William Floyd, the president of the CMA’s board, said in a statement, “Barbara was a remarkable leader, truly a force of nature: dynamic, brilliant, passionate and above all deeply devoted to her family, of which she considered CMA to be a part—and we, her. She has left an indelible mark that can be seen in every aspect of the museum.”
McLanahan’s decorated career included stints as the executive director of Artists Space (which she led from 2000 to 2006) and the Judd Foundation (2006–13), both in New York. Prior to leading those institutions, she had also overseen Visual AIDS, a New York–based organization dedicated to supporting HIV-positive artists, and she had worked at Camerawork Gallery + Darkroom in London.

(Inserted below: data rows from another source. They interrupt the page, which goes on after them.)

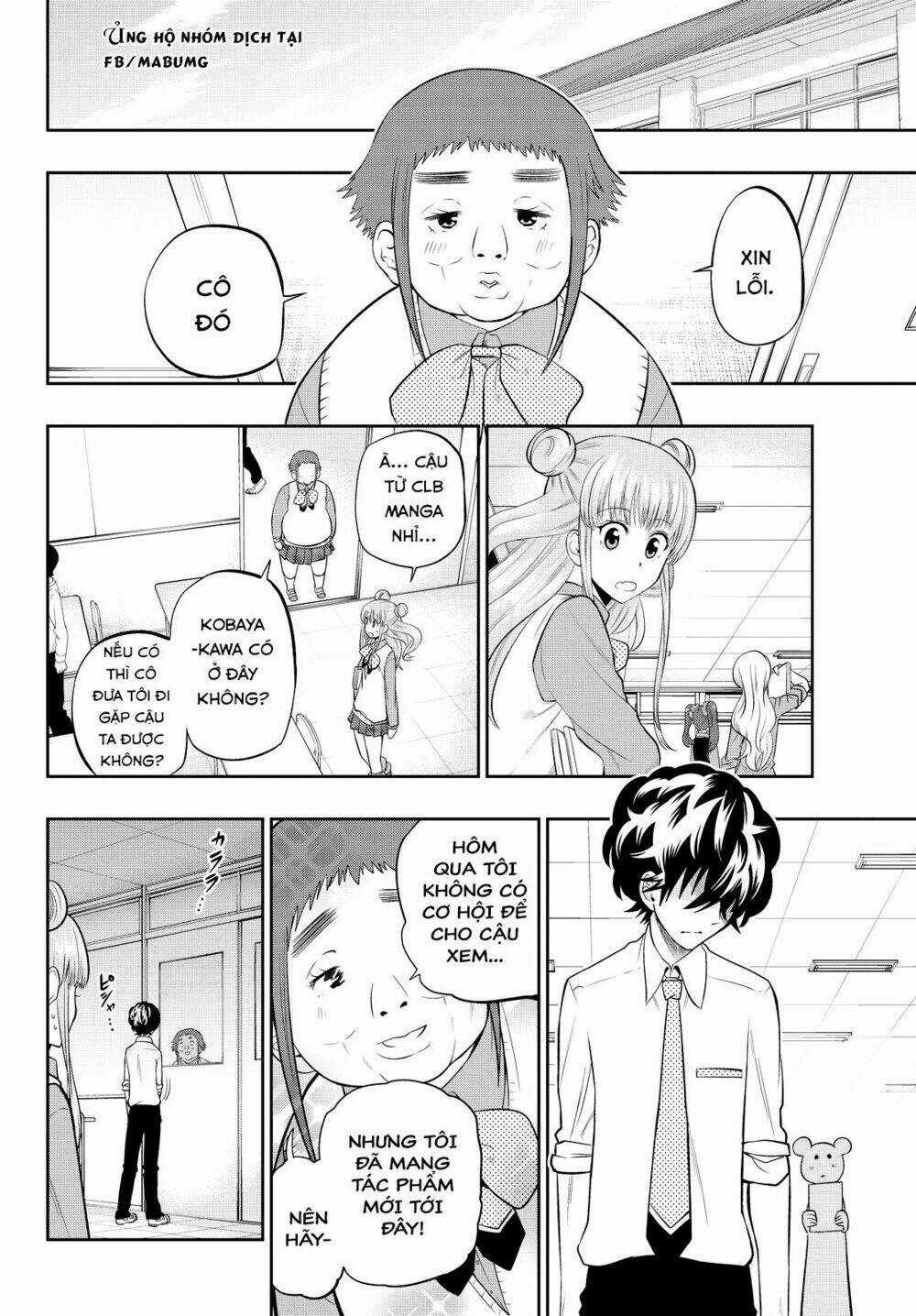 Hoshino, Me O Tsubette Chapter 47 trang 6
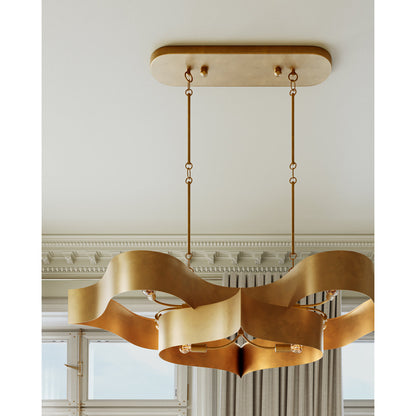 Grand Lotus 6 - Light Chandelier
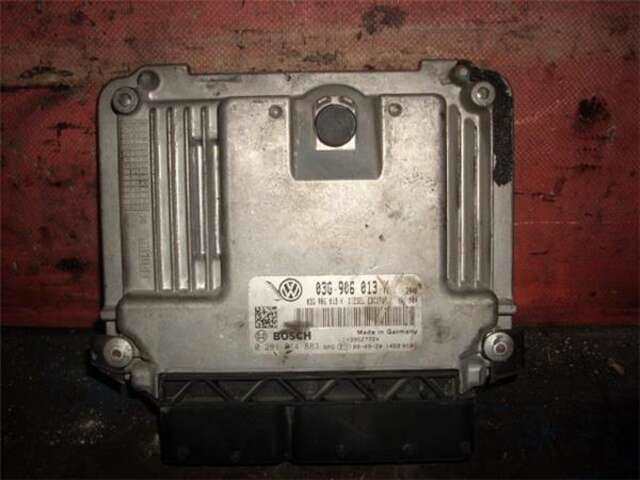 Foto 3ª: Centralita Motor ECU Seat Ibiza 1.9 25 ANIVERSARIO [1.9 LTR. - 77 KW TDI] [BLS]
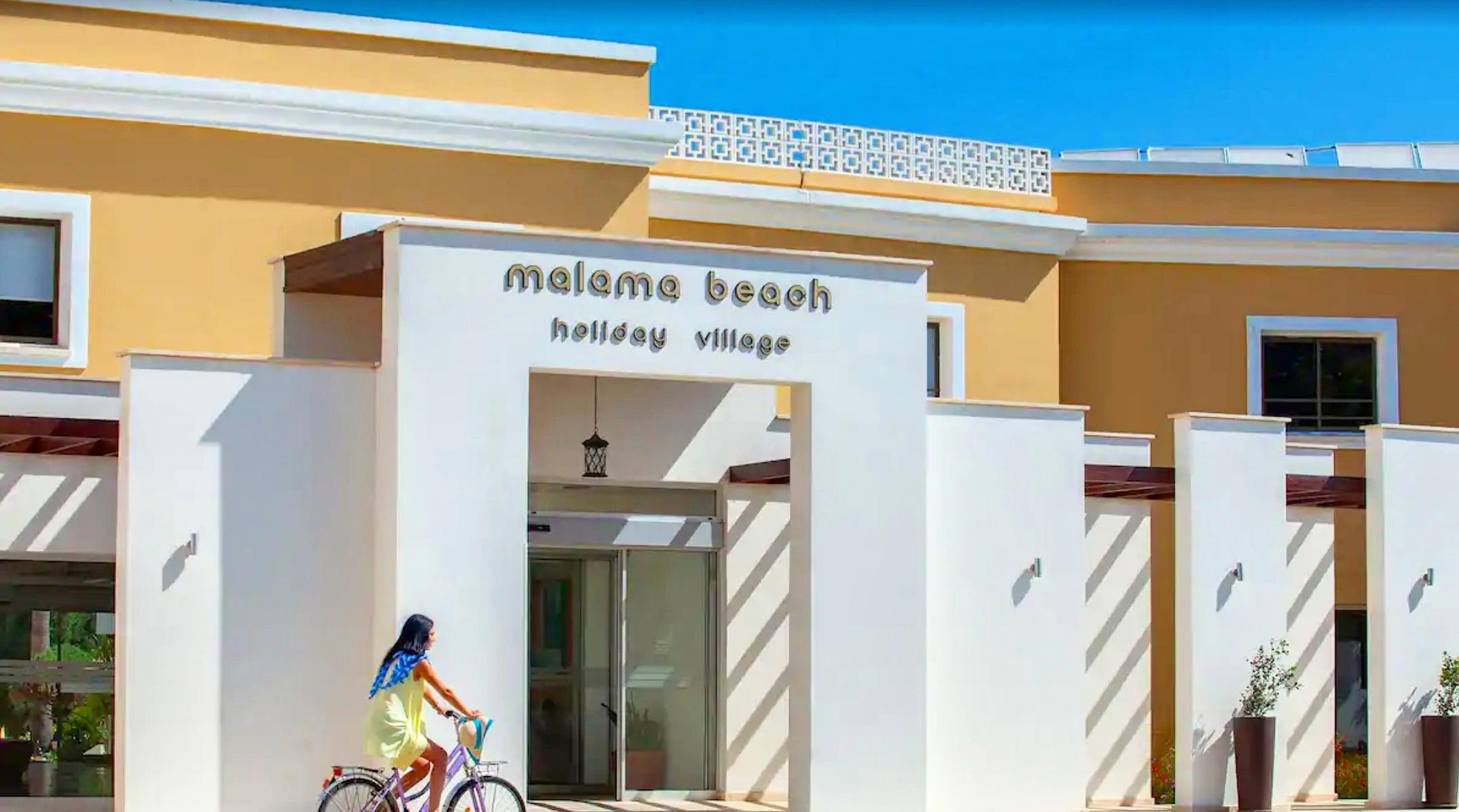 Malama Beach Holiday Village Protaras Exterior foto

“Barbara was a force of nature, an incredible spirit, and an important friend and mentor to many in our community,” Visual AIDS said in a statement. “During her years as executive director of Visual AIDS, she stewarded the legacy of the organization while propelling it into the future. She holds an important place in Visual AIDS’s history and in our hearts, and will be greatly missed.”
McLanahan had served as the CMA’s director since 2013. Under her tenure, the museum moved to a new space in New York’s SoHo neighborhood and celebrated its 30th anniversary. Her family has established the Barbara Hunt McLanahan Memorial Fund, which will support programs dedicated to children with disabilities at the museum.
Alongside her leadership roles, McLanahan served on the boards of a variety of institutions, including the Carmago Foundation in Cassis, France, and the African and Asian Visual Arts Archive. In 2006 she was named a Chevalier of France’s Ordre des Arts et des Lettres.